De rodillas al borde de la cama, con los dedos cruzados y la frente empapada, una niña miraba su cama esperando flotar, y luego sumergirse entre las sábanas para no despertar.
Las nubes son como sueños. o uno que otro deseo, de esos que no decimos, simplemente porque nos da miedo.
Una niña, de rodillas, voló entre las cuatro paredes de un cuarto inexistente, hasta llegar a algún castillo del otro lado del planeta, hasta perder todos sus anillos, por andar jugando, por despistada y sobre todo apurada, tiene que llegar temprano aunque no haya cita con anticipación, la puntualidad es subestimada por tanto humo y globalización.

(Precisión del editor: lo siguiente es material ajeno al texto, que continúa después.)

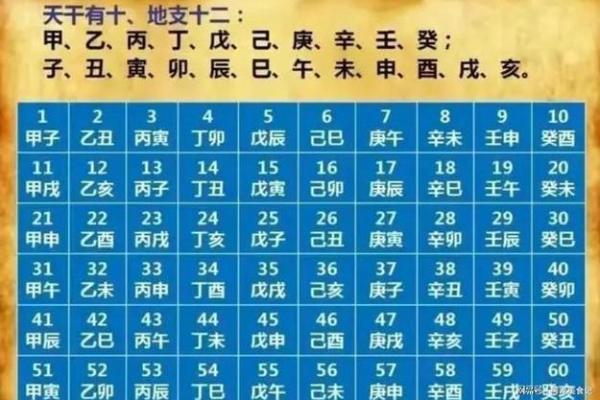 2024年2月属龙人年龄对照表出生年份与岁数速查 2024年2月属龙人年龄对照表出生年份与岁数速查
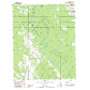 Britton Neck USGS topographic map 33079h3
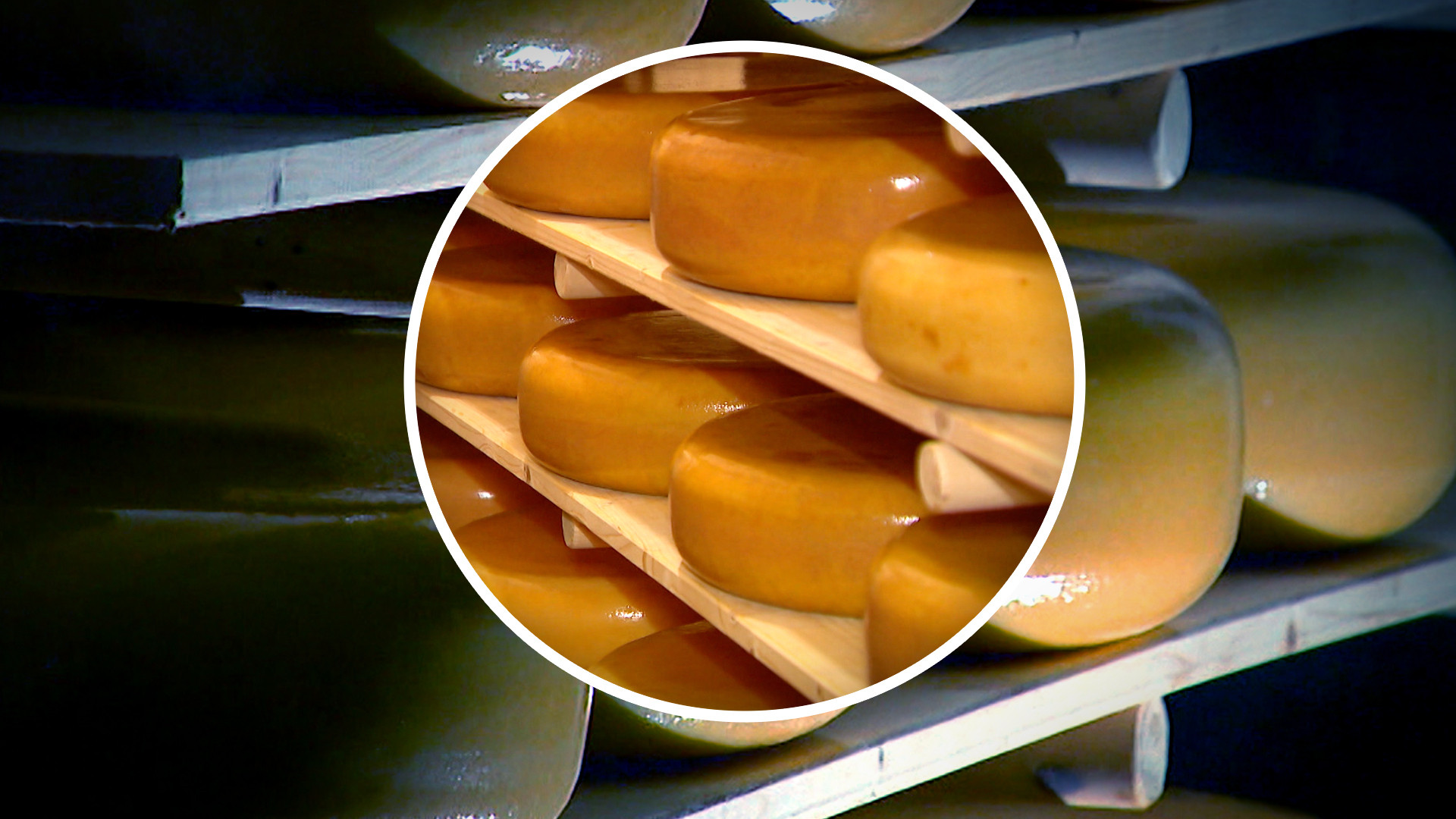 Misdaad Uitgelegd - De kaasmaffia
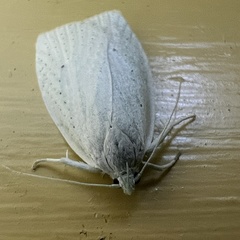 Nymphostola galactina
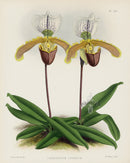 Warner Orchid Album Prints 1882 Cypripedium leeanum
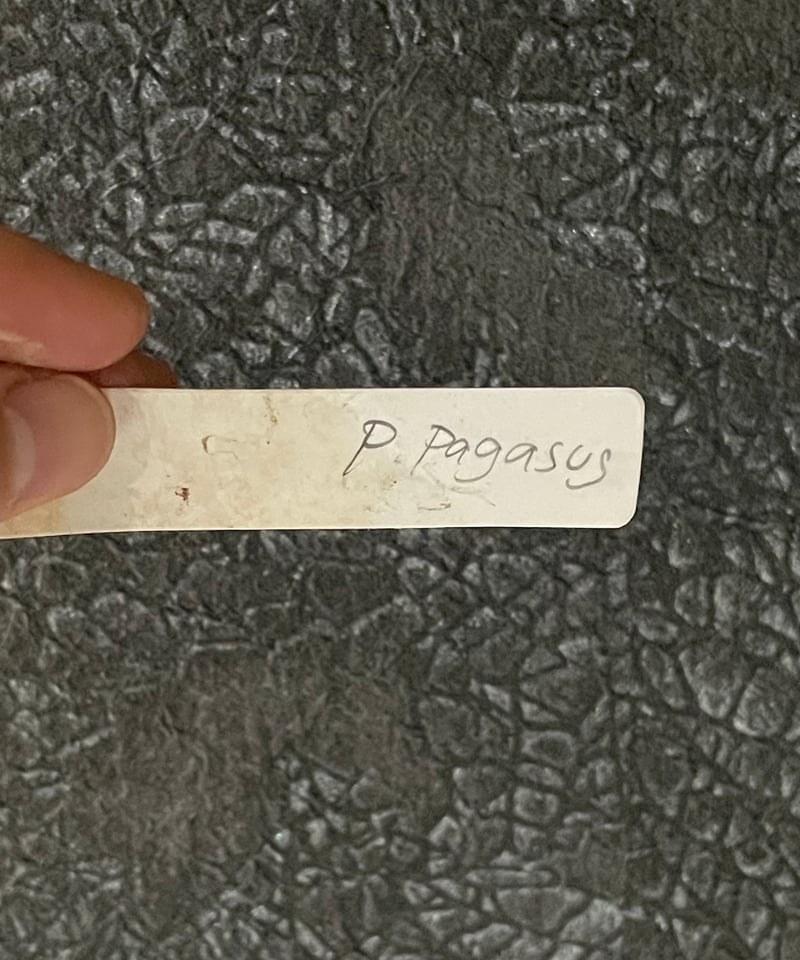 ビカクシダ ペガサス(子株)「Platycerium Pegasus (pup)」1 | SH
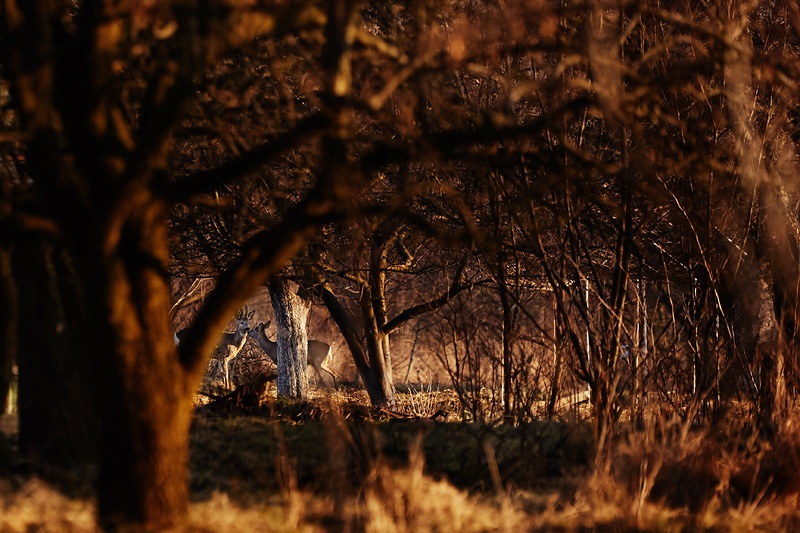 fotograf_rzeszow_02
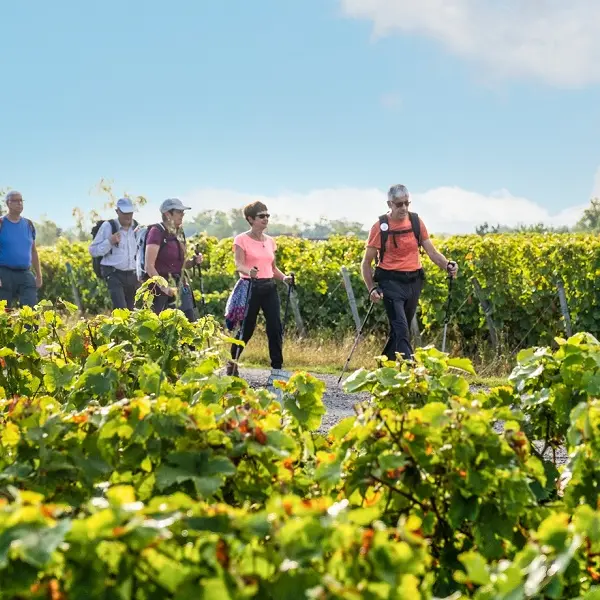 Randonnée pédestre - Vignoble de Vernou-sur-Brenne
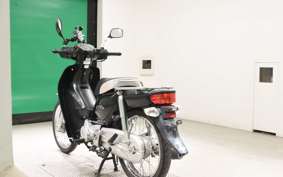 HONDA C110 SUPER CUB 2009 JA10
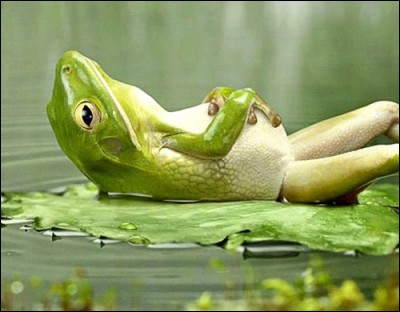 La légende : relaxing frog. Pour un Québécois, se faire traiter de ''French Frog'' est une insulte : pourtant l'historique se limite à une question de gastronomie, que ne partageait pas nos voisins, dans mon beau pays. Pourtant le chant de cet amphibien est synonyme de vie, son silence, signal d'alarme.Pour les protéger, il faut prendre soin de l'environnement : nommez la chanceuse au repos :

Había un trozo de mentira entre tanto corazón, había melancolía envuelta y le nublaba la visión, pero estaba de rodillas esperando aquella resurrección, como si la odisea de caminar tantos kilómetros fuera a hacer alguna diferencia entre los renglones manchados de dieciocho años afuera, una turista en un hotel esquinero, y el teatro que nunca cierra el telón.
Quizá era triste verla orando a un Dios que sabe que no le corresponde, porque sólo lo que llevamos tatuado se puede hacer realidad en alguna dimensión inconsciente que decide desafiar la gravedad.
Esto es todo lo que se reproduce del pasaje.